### Task statement
Respond with exact copies of the lines running from the line that contains "Стул на металлокаркасе Armond beige / gold Стул" to the end of the material.

### Given records
%%
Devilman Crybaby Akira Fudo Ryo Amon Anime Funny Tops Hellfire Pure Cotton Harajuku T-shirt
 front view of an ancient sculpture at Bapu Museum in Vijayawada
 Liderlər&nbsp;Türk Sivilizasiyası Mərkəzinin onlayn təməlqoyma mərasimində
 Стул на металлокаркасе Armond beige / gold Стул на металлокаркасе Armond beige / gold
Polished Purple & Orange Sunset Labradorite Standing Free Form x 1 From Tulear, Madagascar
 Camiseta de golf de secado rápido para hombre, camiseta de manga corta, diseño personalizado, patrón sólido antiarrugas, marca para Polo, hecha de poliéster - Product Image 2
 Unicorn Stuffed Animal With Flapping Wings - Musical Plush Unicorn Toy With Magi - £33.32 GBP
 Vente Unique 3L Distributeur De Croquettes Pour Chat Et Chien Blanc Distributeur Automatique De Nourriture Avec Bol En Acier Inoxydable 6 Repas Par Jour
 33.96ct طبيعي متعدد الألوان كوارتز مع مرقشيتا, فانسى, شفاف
%%
### Response for this exercise
 Стул на металлокаркасе Armond beige / gold Стул на металлокаркасе Armond beige / gold
Polished Purple & Orange Sunset Labradorite Standing Free Form x 1 From Tulear, Madagascar
 Camiseta de golf de secado rápido para hombre, camiseta de manga corta, diseño personalizado, patrón sólido antiarrugas, marca para Polo, hecha de poliéster - Product Image 2
 Unicorn Stuffed Animal With Flapping Wings - Musical Plush Unicorn Toy With Magi - £33.32 GBP
 Vente Unique 3L Distributeur De Croquettes Pour Chat Et Chien Blanc Distributeur Automatique De Nourriture Avec Bol En Acier Inoxydable 6 Repas Par Jour
 33.96ct طبيعي متعدد الألوان كوارتز مع مرقشيتا, فانسى, شفاف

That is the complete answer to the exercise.